Killing Kennedy is based on the book of the same name by Bill O’Reilly and Martin Dugard. The film has the same relationship to what actually happened as Fox News has to actual news. Fair and balanced, indeed. I am kind of happy that I did not realize this until the end though, because I actually sat down and watched this as a “real” movie.
The ridiculously somber tone was the first tip-off, then you notice how each box is meticulously ticked. The lives of John F. Kennedy (Rob Lowe) and Lee Harvey Oswald (Will Rothhaar) are presented in parallel fashion from 1960 to the assassination. So on the Kennedy side we get the Bay of Pigs, the Cuban Missile Crisis, and him being counseled to stop his womanizing. Meanwhile, Oswald is shown defecting to Russia, getting married, then coming back to the United States, and having his wife take his picture holding a rifle and a newspaper.
When Oswald effortlessly fires three precise shots in eight seconds from his old rifle, we buy it because seeing is believing. My laugh-out-loud moment came afterward, just before Jack Ruby (Casey Siemaszko) shoots Oswald. He is crying, and telling a man how awful it will be for Jackie Kennedy (Ginnifer Goodwin) to have to come back to Dallas for the trial. This is supposed to be his motivation to kill Oswald? It is almost impossible to believe that 50 years later we are expected to buy such a bad lie.
Perhaps even harder to believe is the fact that Ridley Scott attached his name to this as executive producer. Killing Kennedy was originally broadcast on the National Geographic channel, and is now available on Blu-ray. There are two versions of the film offered here, the broadcast version (1:27:40), and an extended version (1:29:56). I have no idea where they cut 2:16 from, because I only watched the extended version. Sorry, but it did not seem worth the effort to watch it again to figure it out.

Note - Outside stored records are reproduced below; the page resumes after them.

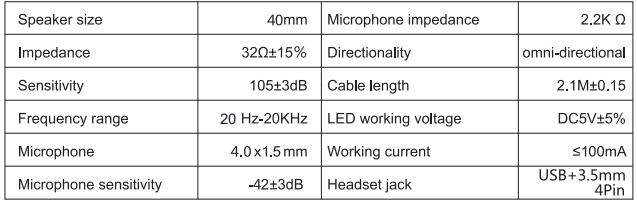 Eksa E800 Gaming Headset-fig-a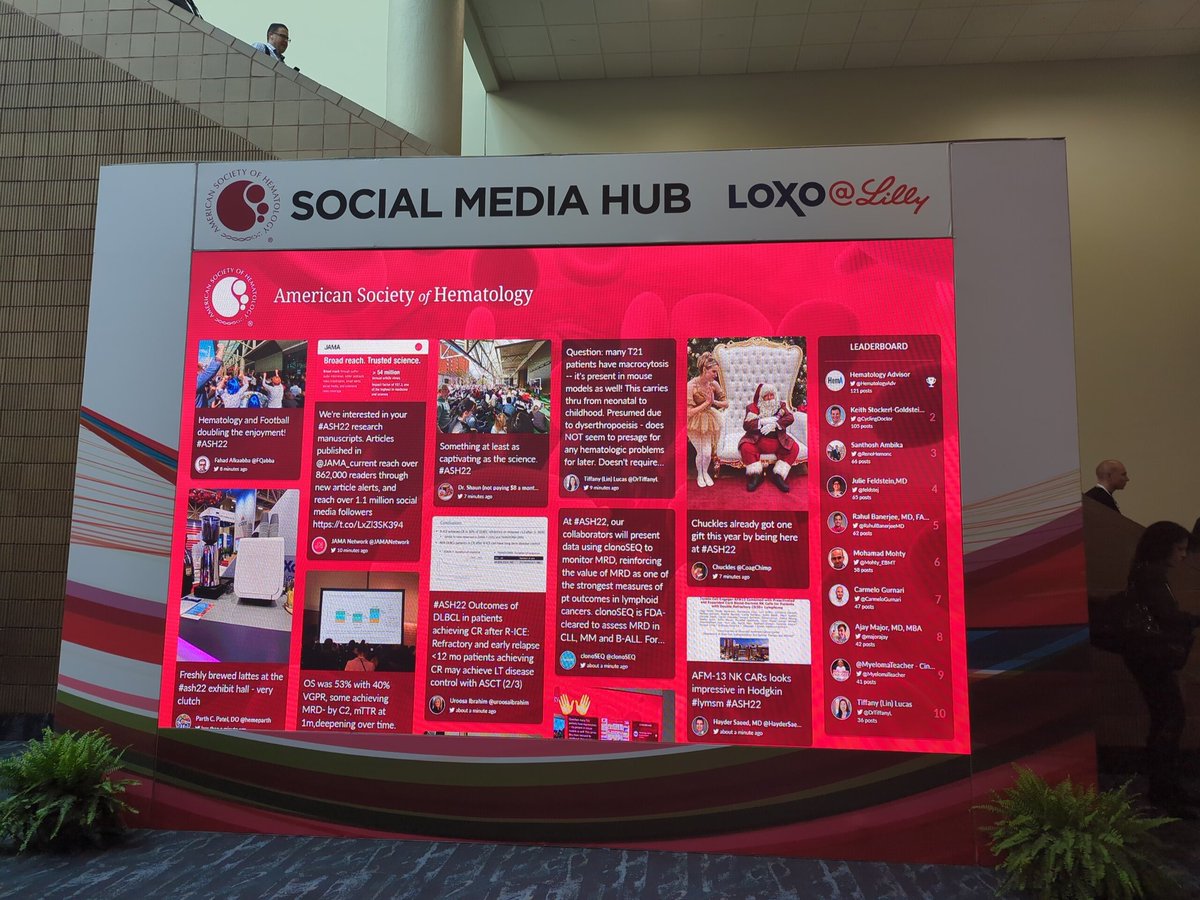 MayaAbdallah_MD's tweet photo. Loving all the tweets! Don't think I'll make it up to the leaderboard though 🤣#ASH22 https://t.co/71ZuVkLpnC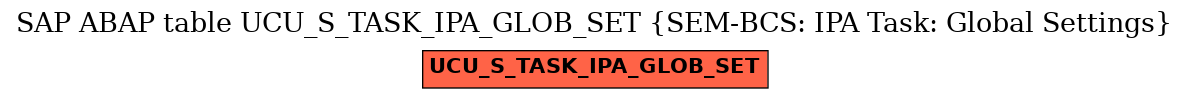 E-R Diagram for table UCU_S_TASK_IPA_GLOB_SET (SEM-BCS: IPA Task: Global Settings)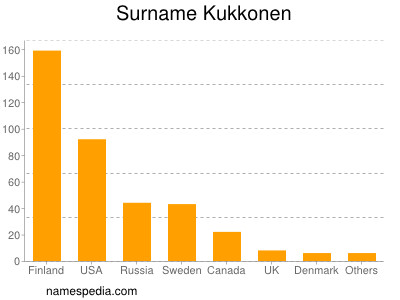 Familiennamen Kukkonen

There are four bonus features included. Camelot’s End: The Making of Killing Kennedy (19:34) features members of the cast and crew discussing the film. Participants include Lowe, screenwriter Kelly Masterson, director Nelson McCormick, and Scott. The Kennedy Mystique (6:38) contains interviews with Scott, Lowe, and others discussing the life of JFK. The general tone can be summed up with Scott’s comment that Kennedy was like a rock star.
“Killing Kennedy is basically the truth about what happened to John F. Kennedy in his life and in his death,” says Bill O’Reilly in Interview with Bill O’Reilly (6:06). In explaining his book, he states, “we took the FBI reports and put them on the page in a very fair way.” So there you go. I must say, that man gives me the creeps. He should go back to Inside Edition where his brand of fantasy was only directed at movie stars.
If you have any doubts about the credibility of this whole project, check out the fourth bonus. It is a 16-second tourism commercial for the state of Virginia titled Virginia is for Lovers. It makes about as much sense to include a commercial for the state of Virginia in a movie about the Dallas assassination of a president born in Massachusetts as the script itself. That is, zero.
At least the movie looks great and sounds great on Blu-ray with a 1:78:1 aspect ratio and DTS-HD Master Audio 5.1. There is also an Ultraviolet download code included for those who wish a digital copy.
I am no conspiracy theorist, but from what I understand, the majority of Americans believe that at the very least we have not been told the full story of what happened on November 22, 1963. Even O’Reilly himself is forced to acknowledge that there are discrepancies, especially about the CIA and Oswald. I would not go so far as to claim that Oliver Stone’s JFK (1991) was the gospel truth, but the questions it raised have become part of the conversation and have to be acknowledged in any serious study of the assassination.
In completely ignoring all of the discrepancies, and accepting the FBI report at face value, Killing Kennedy struck me as absurd. Like I said, the idea that Ruby killed Oswald to save “that poor woman” from having to go through a trial made me laugh out loud. Who in the hell would buy this kind of nonsense? Then I realized that there are people who watch Fox News and do just that. And then I get scared.
I have respected and enjoyed Ridley Scott’s work for years, and took his involvement with Killing Kennedy as an endorsement. I will not be making that mistake again. This movie represents 89 minutes of my life I will not get back. For shame, Mr. Scott.